#### [Problem details]
Once the line holding "S725OE Montana License Plate" is found in the entries below, restate it and each line after it word for word, with no pictures.

————

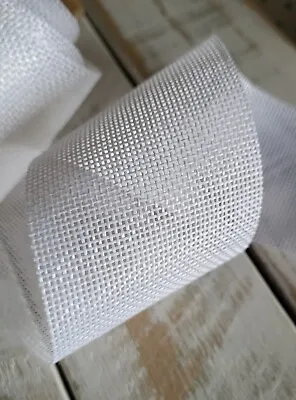 2 Pcs White Linen Look Craft Ribbon Trim 6cm Wide X 8.5 Mtrs + 6 Mtrs • £5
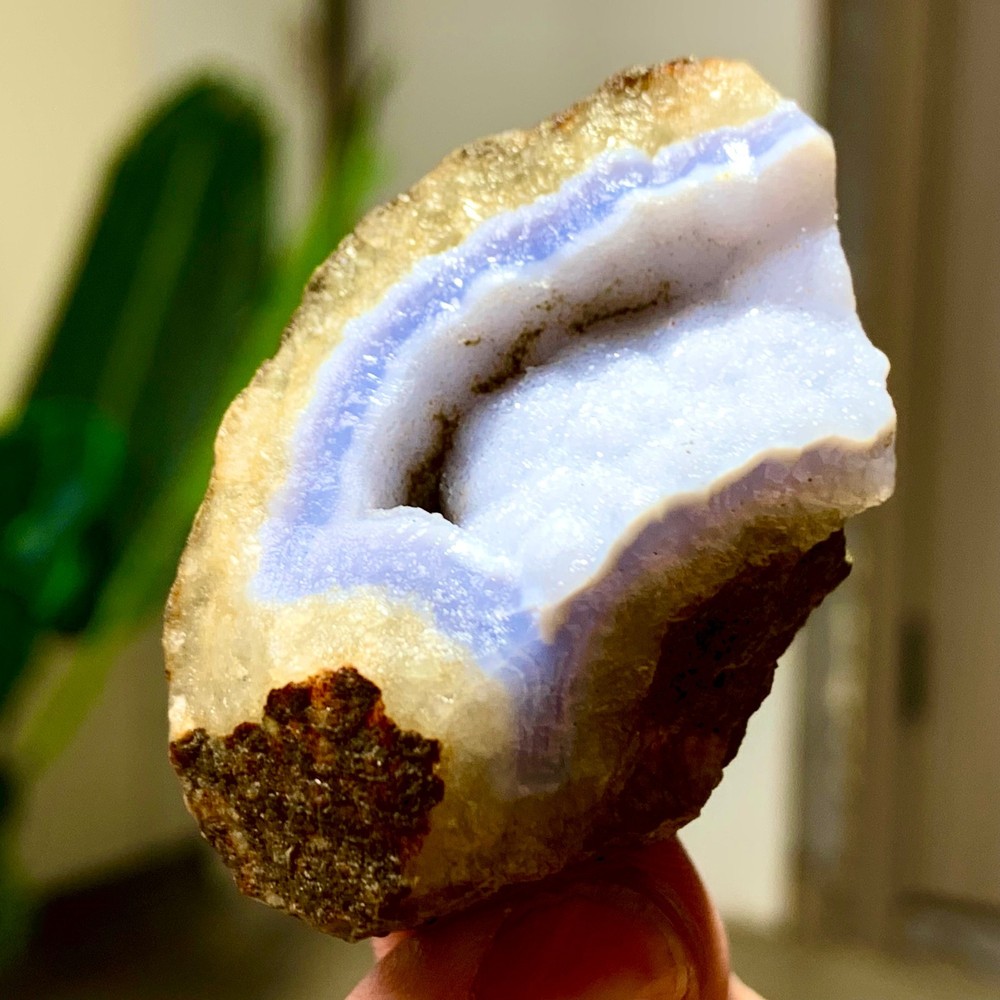 55GNatural Blue striped agate Crystal Chunks piece form Mineral Specimens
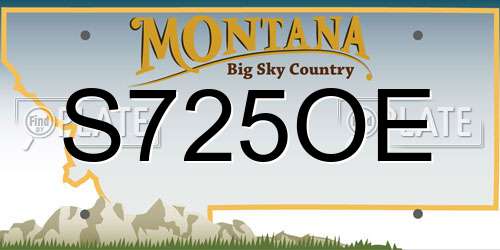 S725OE Montana License Plate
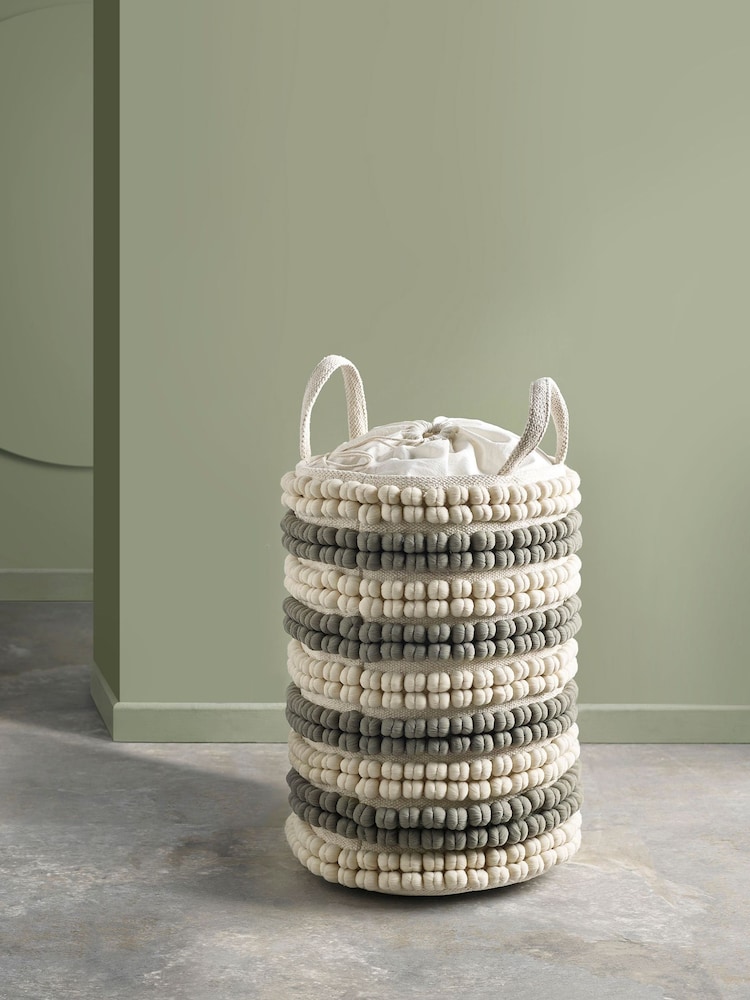 Sage Green Bobble Laundry Basket - Image 2 of 5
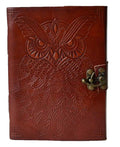 Owl Leather Blank Book w/latch | Journals | Wiccan Center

————

#### [Output for this task]
 S725OE Montana License Plate
 Sage Green Bobble Laundry Basket - Image 2 of 5
 Owl Leather Blank Book w/latch | Journals | Wiccan Center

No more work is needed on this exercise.